Pass the Dramamine.
When rescue teams can’t get an ambulance to a remote area where someone has been hurt, they send a helicopter to bring the injured person to a local hospital.
It has to be traumatizing to be hurt and suspended over a hundred feet off the ground on a stretcher and then fly 100 miles-per-hour through the sky, but this rescue Tuesday in Arizona is one of the most harrowing helicopter rescues ever recorded.
It all started when a 75-year-old woman injured her hip while hiking on Piestewa Peak in the Phoenix Mountains. Because the woman was in a remote area, the Phoenix Fire Department dispatched an airlift to bring her to a nearby ambulance.
Piestewa Peak by res1due / Flickr
“Firefighters made patient contact and decided that the best course of action was to fly the patient off the mountain,” Captain Rob McDade of the Phoenix Fire Department told reporters at a press conference.
When the helicopter began to take off with the woman attached via a dangling stretcher, it began to spin uncontrollably.
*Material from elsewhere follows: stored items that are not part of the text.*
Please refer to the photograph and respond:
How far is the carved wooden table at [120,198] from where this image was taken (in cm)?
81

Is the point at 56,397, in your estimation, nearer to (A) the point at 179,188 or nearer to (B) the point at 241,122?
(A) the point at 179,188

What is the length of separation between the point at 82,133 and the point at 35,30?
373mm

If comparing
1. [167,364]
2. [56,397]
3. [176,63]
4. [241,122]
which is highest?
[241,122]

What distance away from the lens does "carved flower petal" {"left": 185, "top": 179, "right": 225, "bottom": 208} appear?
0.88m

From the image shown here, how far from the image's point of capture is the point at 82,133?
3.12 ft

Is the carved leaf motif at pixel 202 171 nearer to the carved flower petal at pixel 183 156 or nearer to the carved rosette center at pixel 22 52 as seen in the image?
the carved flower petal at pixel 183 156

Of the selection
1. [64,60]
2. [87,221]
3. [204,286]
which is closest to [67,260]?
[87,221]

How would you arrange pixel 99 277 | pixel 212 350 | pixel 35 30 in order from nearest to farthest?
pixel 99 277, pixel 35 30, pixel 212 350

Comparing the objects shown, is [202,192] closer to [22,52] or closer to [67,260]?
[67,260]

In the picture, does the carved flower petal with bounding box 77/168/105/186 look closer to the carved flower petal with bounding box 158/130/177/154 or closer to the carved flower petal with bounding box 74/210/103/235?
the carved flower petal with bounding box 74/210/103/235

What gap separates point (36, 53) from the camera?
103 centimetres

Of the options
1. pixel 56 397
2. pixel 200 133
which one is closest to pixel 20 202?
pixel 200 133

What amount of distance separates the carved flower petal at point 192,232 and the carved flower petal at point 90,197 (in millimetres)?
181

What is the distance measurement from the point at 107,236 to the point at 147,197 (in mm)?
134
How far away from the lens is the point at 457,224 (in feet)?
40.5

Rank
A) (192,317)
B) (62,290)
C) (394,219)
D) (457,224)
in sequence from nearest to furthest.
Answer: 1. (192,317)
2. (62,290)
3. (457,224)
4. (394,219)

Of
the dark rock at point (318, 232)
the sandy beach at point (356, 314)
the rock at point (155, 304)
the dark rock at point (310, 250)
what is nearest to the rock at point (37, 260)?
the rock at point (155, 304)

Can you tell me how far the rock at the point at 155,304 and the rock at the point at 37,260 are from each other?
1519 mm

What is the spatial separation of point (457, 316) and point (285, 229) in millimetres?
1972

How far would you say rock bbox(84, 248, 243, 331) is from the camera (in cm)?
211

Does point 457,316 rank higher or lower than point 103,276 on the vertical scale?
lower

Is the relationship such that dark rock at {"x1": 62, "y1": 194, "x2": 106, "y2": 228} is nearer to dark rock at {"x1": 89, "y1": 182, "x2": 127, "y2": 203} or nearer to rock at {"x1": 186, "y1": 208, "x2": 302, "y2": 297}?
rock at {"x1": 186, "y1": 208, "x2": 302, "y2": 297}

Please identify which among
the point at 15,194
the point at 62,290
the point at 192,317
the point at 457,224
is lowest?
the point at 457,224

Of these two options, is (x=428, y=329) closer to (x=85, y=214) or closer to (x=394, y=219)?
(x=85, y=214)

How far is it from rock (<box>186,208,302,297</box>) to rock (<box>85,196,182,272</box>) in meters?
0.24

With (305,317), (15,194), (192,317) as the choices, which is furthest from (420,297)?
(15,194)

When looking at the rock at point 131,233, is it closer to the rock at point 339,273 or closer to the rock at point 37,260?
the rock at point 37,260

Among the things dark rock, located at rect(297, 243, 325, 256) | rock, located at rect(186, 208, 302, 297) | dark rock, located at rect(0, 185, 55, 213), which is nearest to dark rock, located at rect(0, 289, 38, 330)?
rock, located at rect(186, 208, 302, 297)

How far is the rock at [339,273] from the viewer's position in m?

Over the course of what had to be the longest two and a half minutes of the woman’s life, she spun in a complete circle 175 times.
“Sometimes when we bring the helicopter up from the ground, it will start to spin, so we have a line attached to the basket to help prevent that. Today it didn’t. The basket started to spin,” chief pilot of the Phoenix police department’s aviation unit Paul Apolinar explained at a press conference.
“They tried to stop some of the spin with the line that Paul was referring to, but that didn’t work and it eventually broke,” Derek Geisel, the rescue pilot said, “the phenomenon is known in the hoist-rescue industry.”
The woman was eventually put in an ambulance and taken to a nearby hospital. She experienced some nausea and dizziness but is expected to recover.